Cautiously, Rose slipped into the bedroom and took out a child’s nightdress from the left hand drawer of Sarah’s sideboard and a blanket from the cupboard underneath. John never stirred. Lying diagonally on the bed, face in the pillow, his stockinged feet pointing out over the edge, he’d fallen asleep where he’d thrown himself down.

Rose went back into the kitchen and found Sophie unwrapping the sheet and wiping the
remaining dampness from the small body. As she watched, she saw Sarah shiver and put her thumb in her mouth.

‘Put her wee nightdress on now and wrap her up well while I make up your fire,’ said Sophie, laying the naked child on Rose’s knee. ‘Another hour an’ ye might see a wee hint of colour in her face. But she may sleep the day out.’

Rose wrapped her in the blanket and sat rocking her by the fire as the old woman got to her feet.

‘She’s a pretty one. Aye and a fighter too,’ she said, grinning as she looked down at the sleeping child. ‘I’ll come over around tea time an’ see how you both are. Of the two of you, I’d say you were the paler,’ she added, laughing and nodding to Rose, as she took up her stick and opened the door.

Sunlight poured around her as she raised a hand in farewell and hobbled across the broken, weedy ground to the path by the forge that would take her back to the farm and to her bed.

Rose drew back a few threads of hair from the pleat she always wore when going out. Standing in front of the mirror on the bedroom wall above Sarah’s sideboard, she thought of the pretty dressing table with the comfortable padded stool she’d found waiting for her when she arrived at the house in Annacramp. Laid out with crocheted mats, a posy of flowers and a cut glass perfume bottle, she’d been amazed and delighted by such unexpected luxury.

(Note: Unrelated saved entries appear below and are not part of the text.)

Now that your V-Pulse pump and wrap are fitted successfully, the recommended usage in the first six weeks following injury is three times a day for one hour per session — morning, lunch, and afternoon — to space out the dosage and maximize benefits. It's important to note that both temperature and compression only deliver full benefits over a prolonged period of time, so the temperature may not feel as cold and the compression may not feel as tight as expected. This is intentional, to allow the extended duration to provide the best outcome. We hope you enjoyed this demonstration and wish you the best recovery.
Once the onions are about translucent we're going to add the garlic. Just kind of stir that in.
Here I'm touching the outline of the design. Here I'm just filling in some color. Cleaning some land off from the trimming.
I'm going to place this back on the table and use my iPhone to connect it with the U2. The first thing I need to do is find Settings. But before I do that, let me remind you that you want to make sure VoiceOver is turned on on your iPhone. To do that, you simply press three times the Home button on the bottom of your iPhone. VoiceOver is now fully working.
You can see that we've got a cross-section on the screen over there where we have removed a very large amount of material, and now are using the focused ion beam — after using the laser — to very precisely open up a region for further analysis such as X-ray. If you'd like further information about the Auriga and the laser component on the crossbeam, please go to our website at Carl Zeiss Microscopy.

‘Never mind, Rose, there are more important things, as you well know,’ she said to herself, as she smoothed out her skirt and adjusted the collar of her blouse, one ear tuned to the monologue going on close by in the tiny bedroom where Hannah and Sarah slept.

‘Now then, Ganny, you must tidy your hair like Ma, ‘cos we’re going visiting.’

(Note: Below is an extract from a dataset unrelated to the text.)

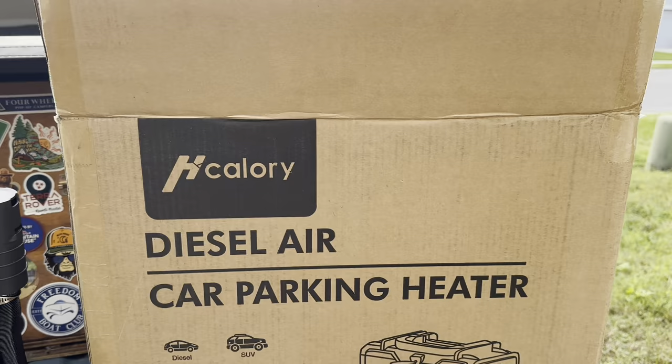Welcome back to the channel everybody, I'm Kevin, and today in the mail I received a Calorie diesel heater. This diesel heater can be used whether you're car camping, whether you have a trailer, a tent, a tiny cabin, a small room – something like that. This is a way to get heat off the grid minus a power source. This is one complete standalone unit, this is the box it comes in: Calorie Diesel Air Car Parking Heater.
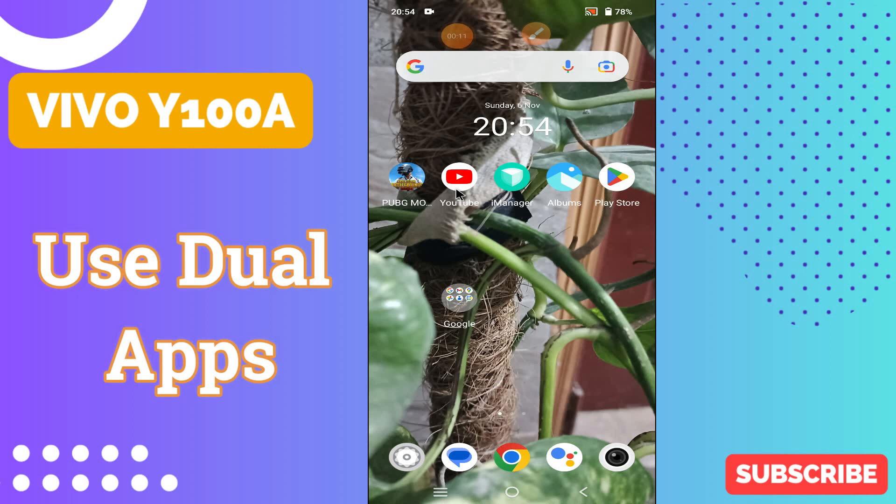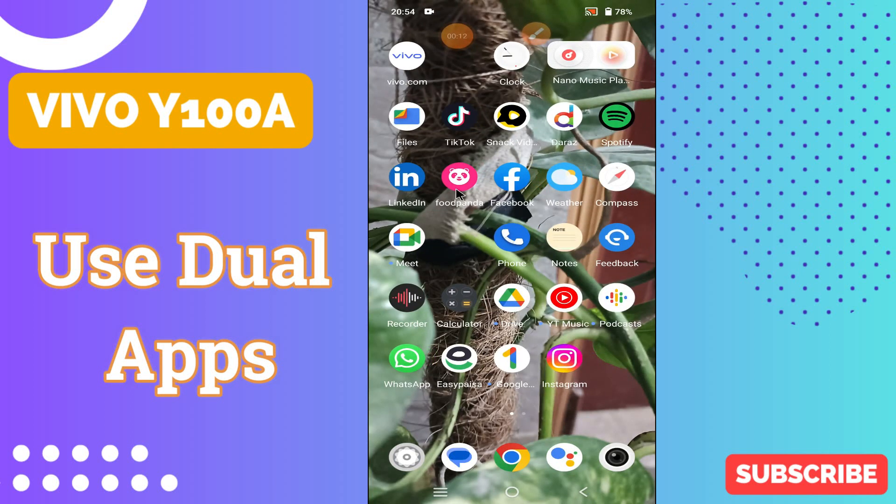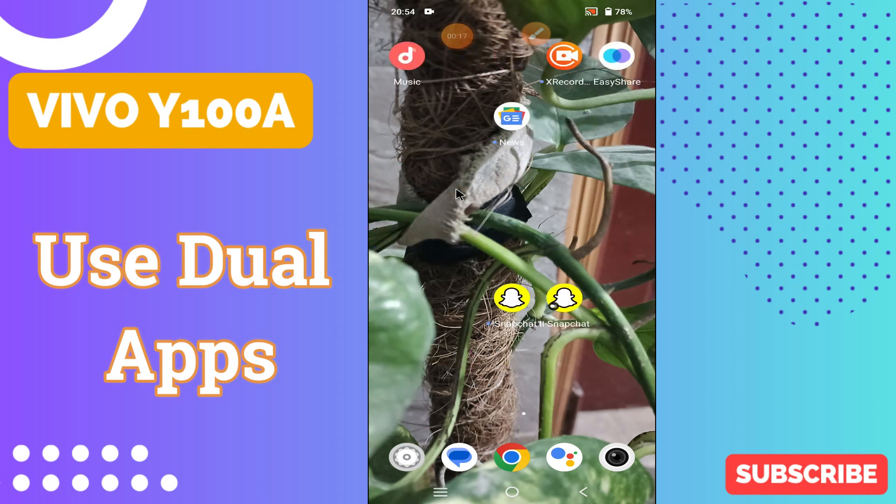Hi everyone, in today's video I'll show you how to use dual apps on your device, Vivo Y100A. Before I start, if you are new to my channel, don't forget to subscribe and press the bell icon. Watch the complete video and learn how you can do it. Let's watch the video.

Rose smiled. She still couldn’t say ‘Granny,’ with an ‘r’ though Hannah and her brothers kept coaxing her. Hardly a common name for a rag doll either,
but it was Sarah’s own choice. She’d named it the day Grandma Sarah had given it to her, just a few weeks before she died and had never thought of changing it. Its dress made from one of Sarah’s own old dresses, its apron cut from an apron little Sarah knew well; long, grey woollen hair neatly plaited as hers had been, there was much of Granny about Sarah’s large, comforting companion.

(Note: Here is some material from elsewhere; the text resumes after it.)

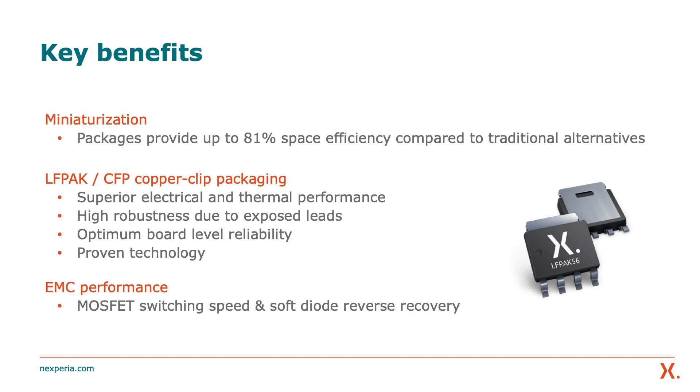Looking at miniaturization, these packages provide up to 81% space efficiency compared to traditional alternatives such as D2PAK and DPAK. The LFPAC and CFP copper clip packages offer superior electrical performance with high current handling and low package resistance and inductance. The copper clip design provides high thermal performance with junction temperatures up to 175 degrees Celsius, and high robustness due to the exposed leads, with optimum board-level reliability due to AOI inspection of solder joints.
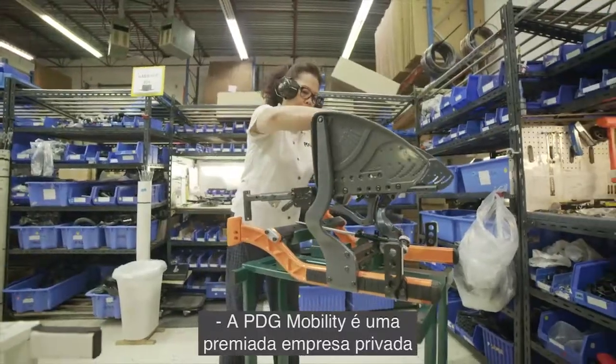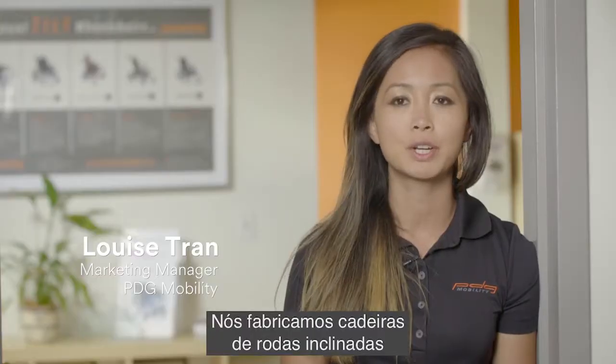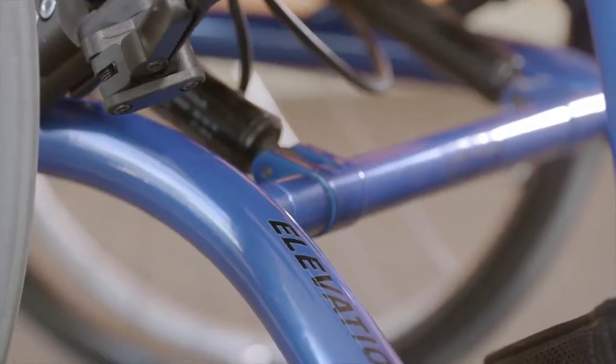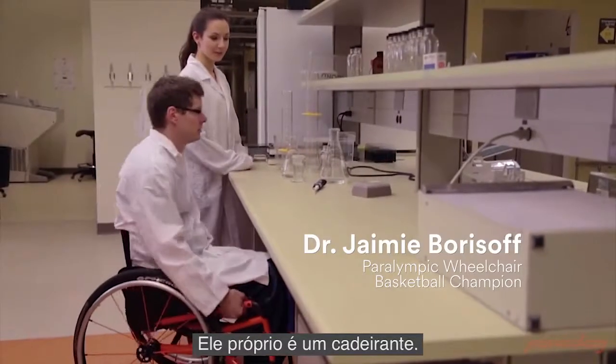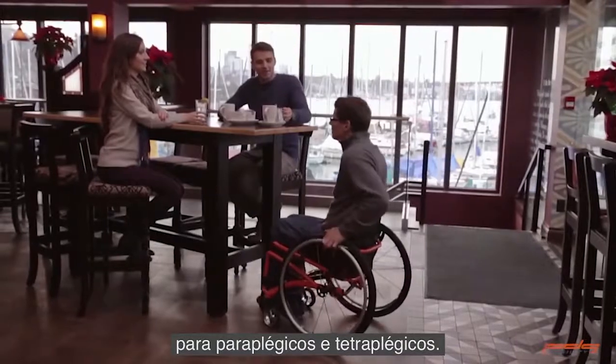PDG Mobility is a privately owned, award-winning, Vancouver-based company. We manufacture Hilton space wheelchairs and we have one ultralight rigid chair. The elevation was designed and invented by Jamie Borzov. He himself is a wheelchair user, and it was designed to provide mobility to paraplegics or quadriplegics.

‘We’re going to see Ganny Sophie and the kittens. You like the kittens, don’t you?’

Rose sat down wearily on the edge of the bed, her back already aching with the effort of dressing and doing her hair in the small space between the head of the bed and the sideboard. She took her purse from the top drawer and counted out shillings from a worn leather pouch.

Little Sarah’s voice carried on, just as if she were talking to her grandmother still. Rose smiled, grateful for the innocence that could replace the beloved old lady with the rag doll she had spent her last weeks making.

‘Not so easy, Sarah dear, if you’re grown up,’ she whispered to herself. ‘Not easy at all if we’d lost you the night Granny Sophie came.’

The memory of that longest of nights flowed back to her once more, as it had a hundred times during the weeks of the summer. When she changed the sheets on the children’s bed, or found the best bucket half full of water, or encountered Sophie on her visits to
Robinsons, all the anxiety of that night would return, her stomach tighten and her mouth go dry. The best she ever managed was to recall as vividly as possible the comfort and hope of the day that followed.

Sarah had slept right through it, rousing briefly only when the doctor came and examined her.

‘I can’t tell you what it was, Mrs Hamilton,’ he said sadly, as they stepped back into the kitchen, ‘but this much comfort I can offer you. Children who survive such an event and have no recurrence often have long and healthy lives.’

To her surprise, Doctor Lindsey had accepted her offer of tea. After he’d washed his hands, he pulled his chair up to the hearth and settled himself comfortably. It was true he’d known John’s family for a long time, treated her after both miscarriages and been a regular visitor to Sarah, but in ten years she’d never known him sit down as if he had time to spend.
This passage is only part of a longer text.